Kenya is a friendly place, the people are beautiful and the living seems to be pretty easy on the coast. One of the employees at the hostel (resort) I’ve been spending my time at seems to have taken a liking to me. I compliment his East African music all of the time and I think he likes that. Yesterday evening he sat me down and showed me a bunch of music videos on a projector in the kitchen. He was able to explain to me what all of the artists and singers are singing about, things ranging from love to eating to living with AIDS. He tells me he is going to take me to an African disco one of these nights – he promises there will be no western music. Hamisi is his name, I have no way of knowing whether that is how to spell it or not, but he keeps telling me to go back to American, make a bunch of money and then come back and live like a king in Kenya. I like the way he thinks, but I’m not sure I could live in Kenya for more than a few months, it seems to be a hard life for some of the people. Although, they are, in general, much happier than we are in America. What’s up with that? Since arriving here I’ve noticed that even the little orphans who have no family, get no attention, and eat the same nutrition-less food everyday while wearing torn clothing are SO happy. Why aren’t those of us who live in the developed world happier? I mean, if I wanted to, I could buy myself a nice dinner, new clothes, live in a nice place and surround myself with the people I love and probably still not achieve the level of happiness that the people here seem to just have naturally. It’s something worth looking into. I think at this point I have noticed that it has something to do with the amount of material things that they possess. They put their focus on things that cannot be held. Things like love, God, passion…things that are worth respecting. It is worth noting though, Hamisi, being the good man that he is, lost a relative in a car accident earlier this week, and although he was not happy to have lost someone he loves, he simply shrugged and said to me, “it is in the past, I cannot change that.” When he returned to the hostel he told me he was glad to have seen his family, then he started dancing with me to the African music I was so invested in. A good man.

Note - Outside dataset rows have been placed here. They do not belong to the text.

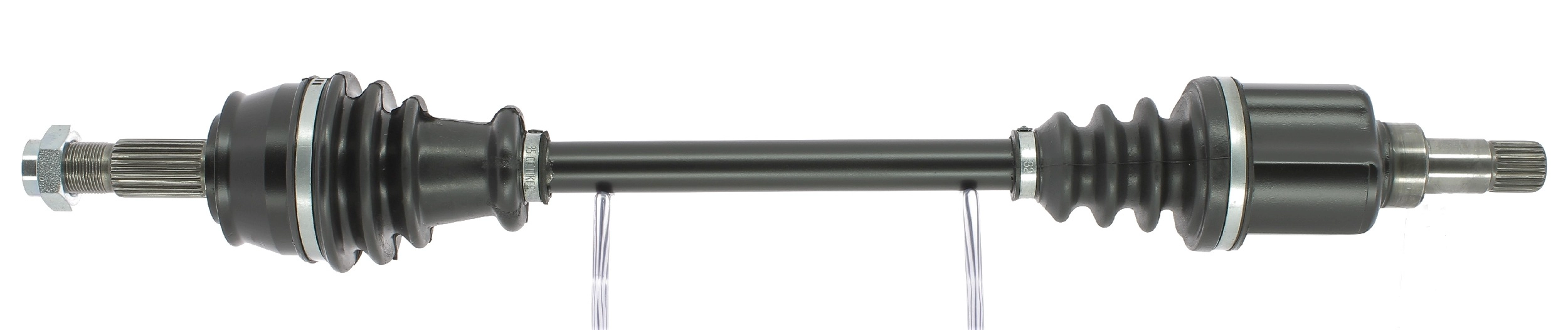 FDS2357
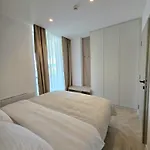 Otel Cat Deluxe Sanski Most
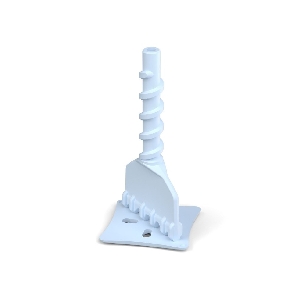 Entretoises linéaires pour carreaux 100 pièces Progress Profiles -0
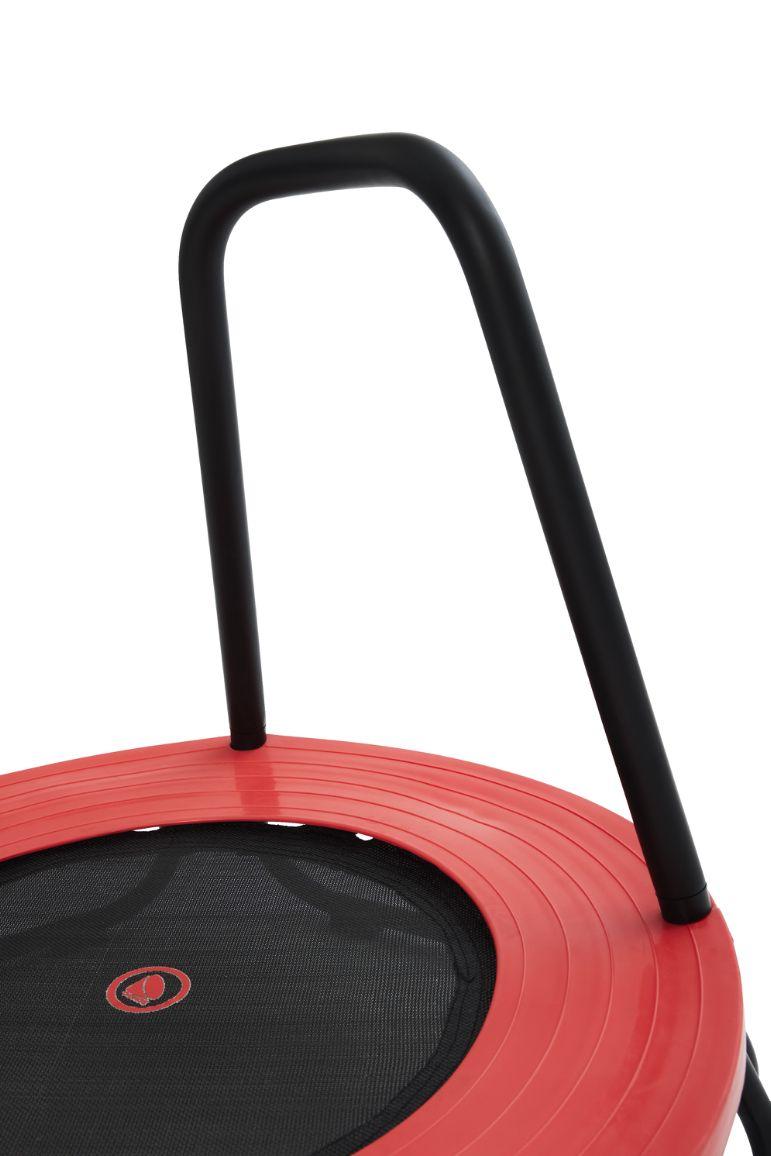 Baby Trampoline - Image 4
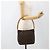 LOUIS VUITTON Monogram Looping MM Shoulder Bag M51146 LV - vista 23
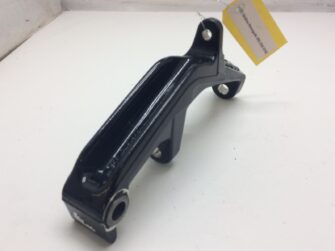 2021 Ski-Doo LH Ski Spindle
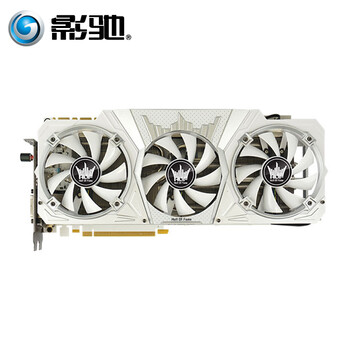 影馳名人堂1060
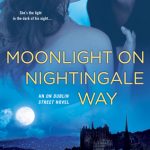 Moonlight on Nightingale Way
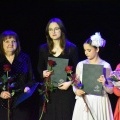 Gala sportu i kultury (10)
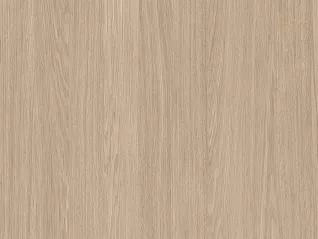 Płyta meblowa laminowana Dąb Primavera Jedwabny K694 PV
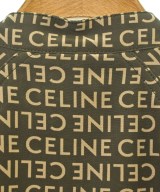 CELINE（セリーヌ）その他 茶 サイズ:34(XXS位) レディース/2200574052049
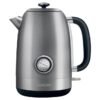 SENCOR 1.7L Kettle - 2200W, S/Steel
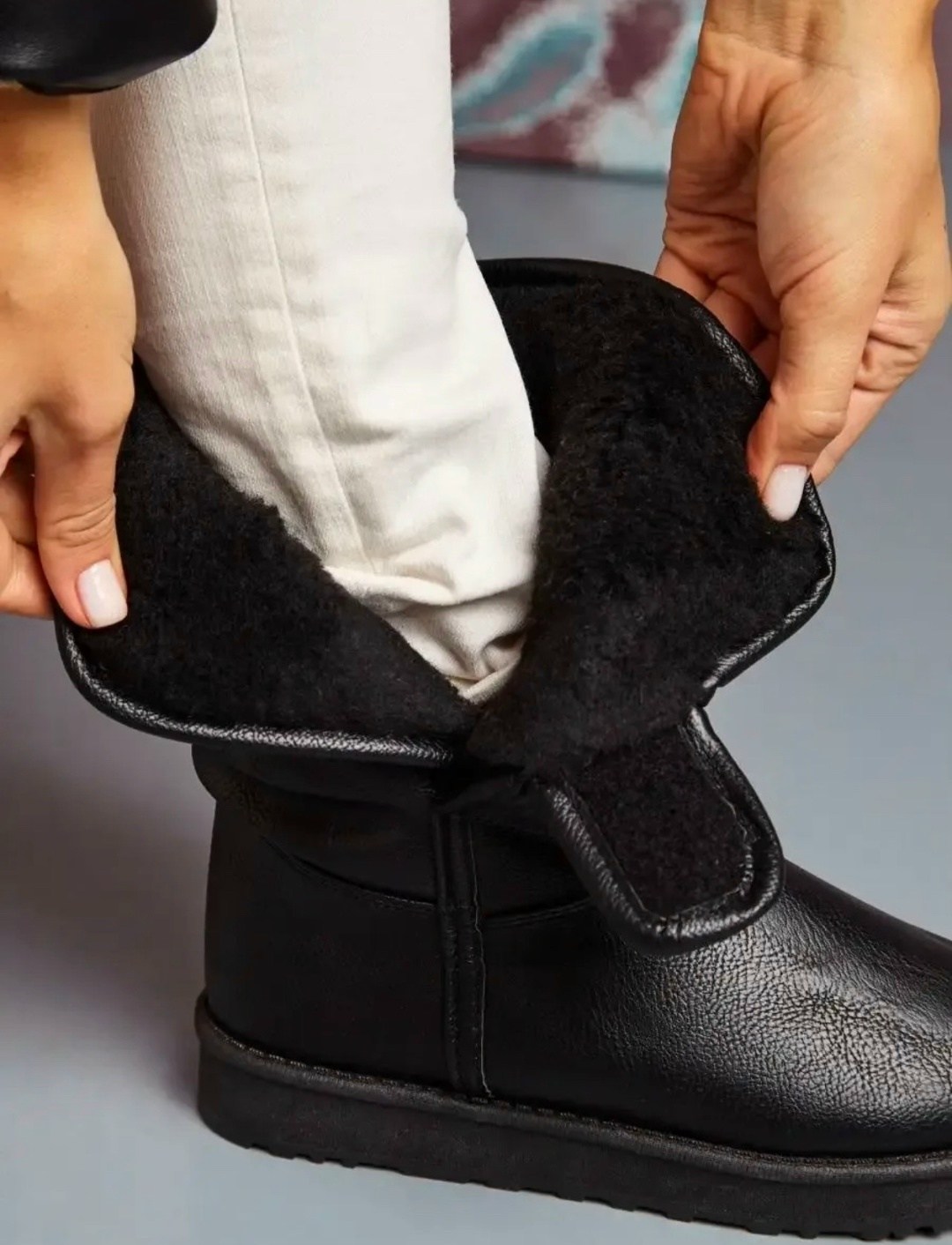 угги женские,,угги мужские,угги,кожаные угги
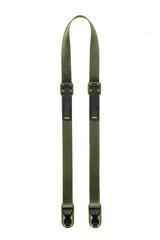 Peak Design Leash - Nackengurt - Kelp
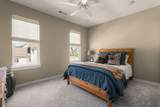 6501 Kelleys Pl - Photo 39
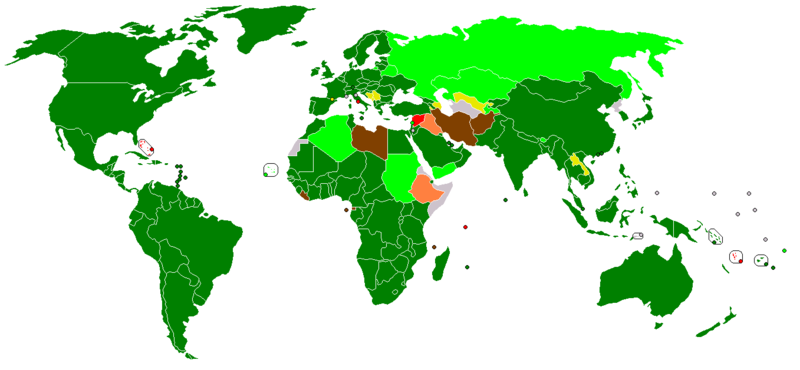 File:WTO Jan2007.png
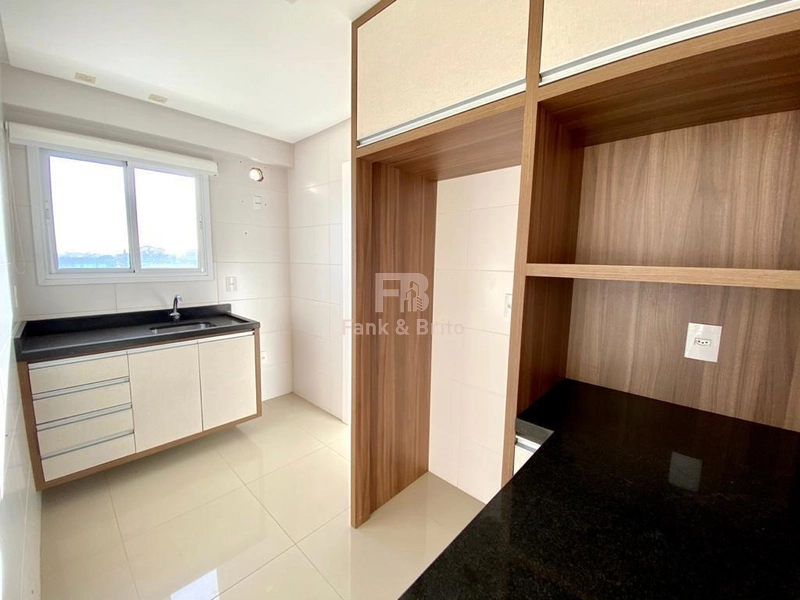 APARTAMENTO DE 3 DORMITÓRIOS A VENDA NO BAIRRO NAVEGANTES EM CAPÃO: 10ª foto da galeria de imagens do imóvel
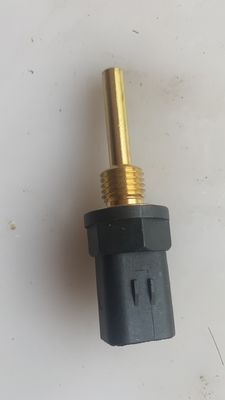 238-0112 Temperature Sensor LGMC High-Quality Excavator Accessories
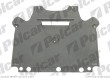 osłona skrzyni biegów AUDI A5/S5 (B8), 03.2007-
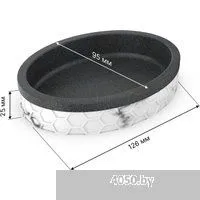 FORA Magnetic FOR-MGN036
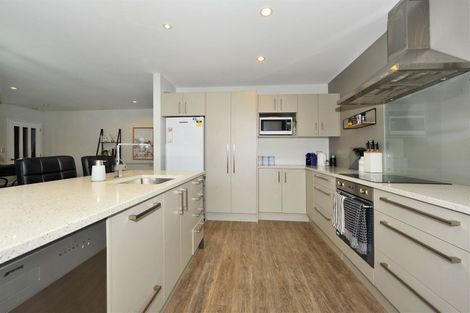 Photo of property in 40 Keene Street, Wigram, Christchurch, 8042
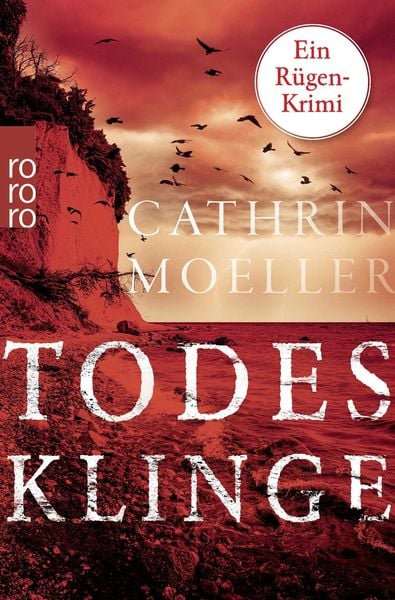 Produktbild: Todesklinge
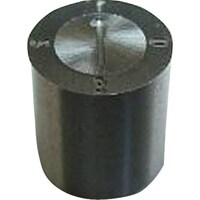 �Y�J�@�Y�J�@���^�f�[�g�}�[�N�c�Q�^�@�O�a�P�Q�����@�t�k�c�Q�P�Q�@�P��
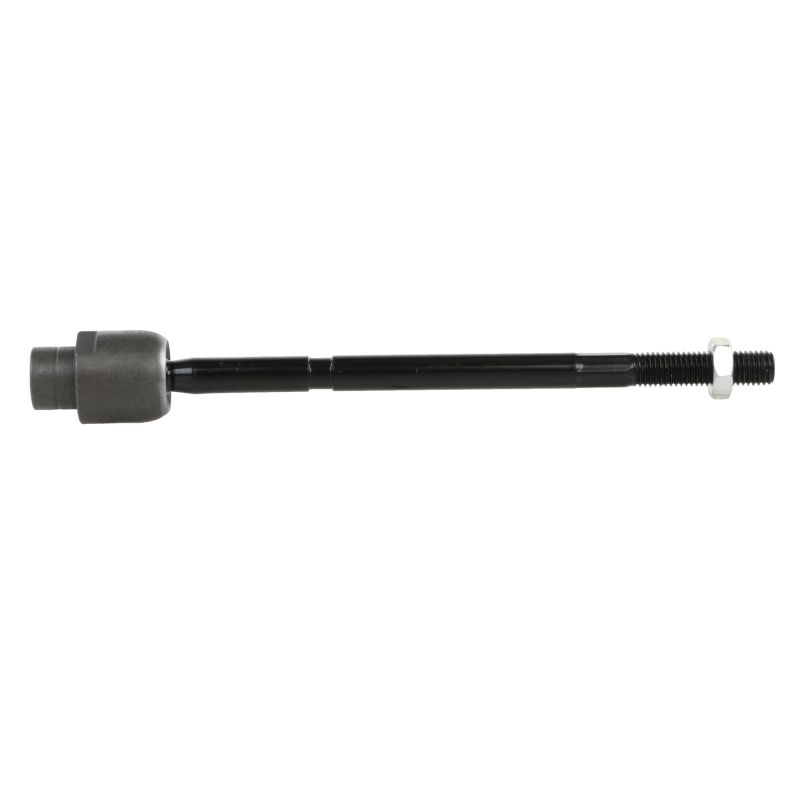 OEM 1205659 DELPHI Snodo assiale TA1355 per FORD, VOLVO
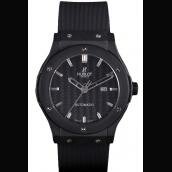 Watches Men 12 Mm Hublot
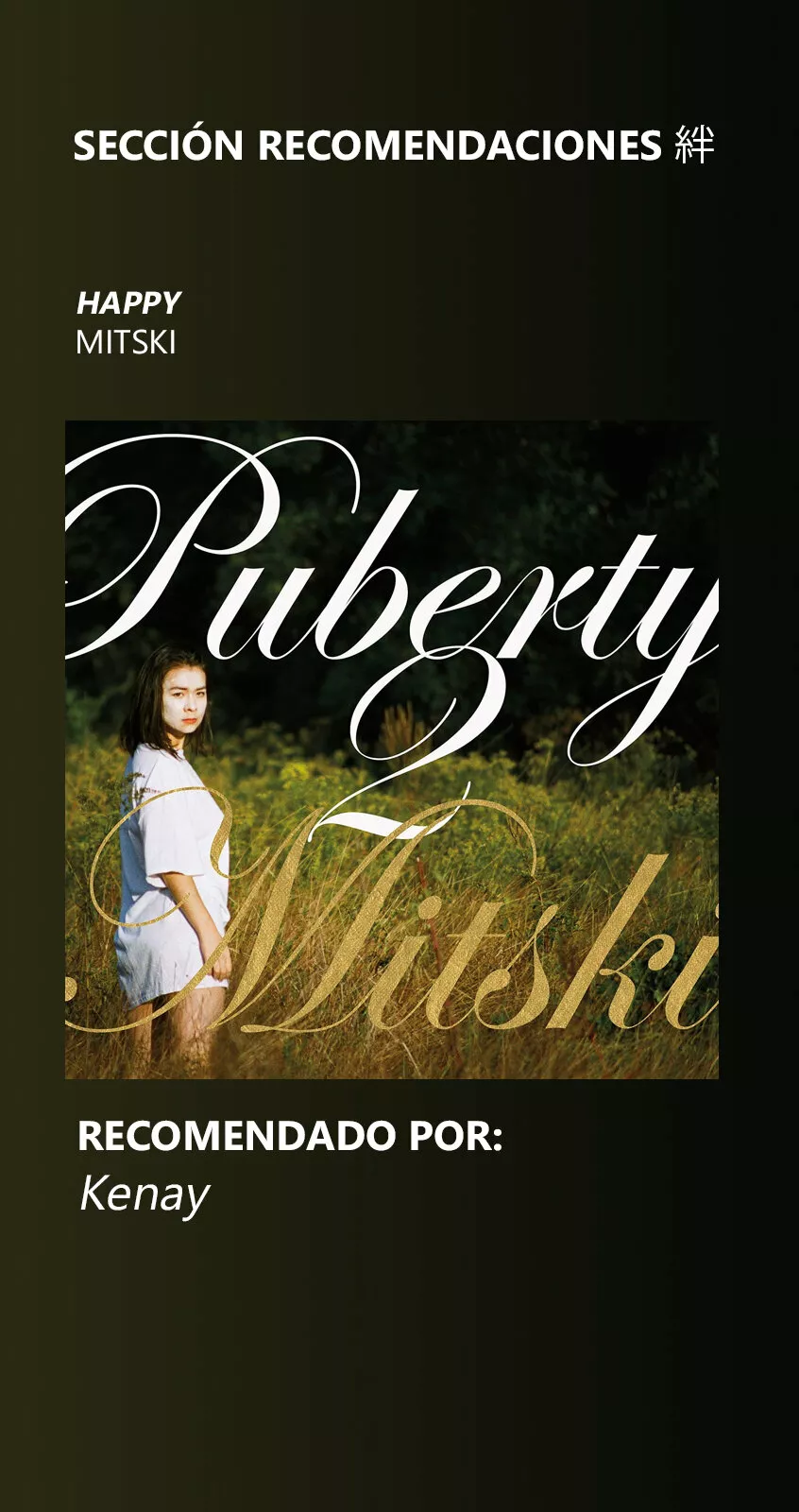 Página 51 del Manga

Scott, the owner of the hostel, is also worth noting here. He has graciously opened up his home to us and is feeding us as well. Visiting the coast would not be possible without him.
These last four days have been nothing like the first 31. I spend my time relaxing by a pool, reading books (Whale Rider, The Trouble With Emily Dickinson, The Iceberg Hermit and Disgrace (written by a South African), walking on the white sandy beaches of the Indian Ocean, and enjoying the company of hostel guests from all around the world. I keep telling myself that this time is important. I need to recollect my thoughts before moving on, although I am quite looking forward to heading to Uganda within the week.
Wildlife on the coast is unique. I have not seen any big animals since arriving but there are a variety of monkeys and baboons here. They have no fear of humans, so they go about their days as usual and it’s easy to spot them in the trees, hanging out of fences, or crossing the road. Oh, the road! Our main modes of transportation here are motorbikes and Kenyan taxis called matatus. These are two very unique ways to travel, motorbikes are able to weave in and out of traffic and get you to where you need to be quickly, while matatus are crowded but dirt cheap. I like both, but I don’t think you’d ever see wither mode of transportation in the states, at least not in the same way they are used here.
A closing thought:
Thank you for all of the messages, comments and e-mails you have been sending me. Although I am not able to respond readily, I want you to know that it means the world to log onto a computer every few days (or weeks) and be able to hear from you all.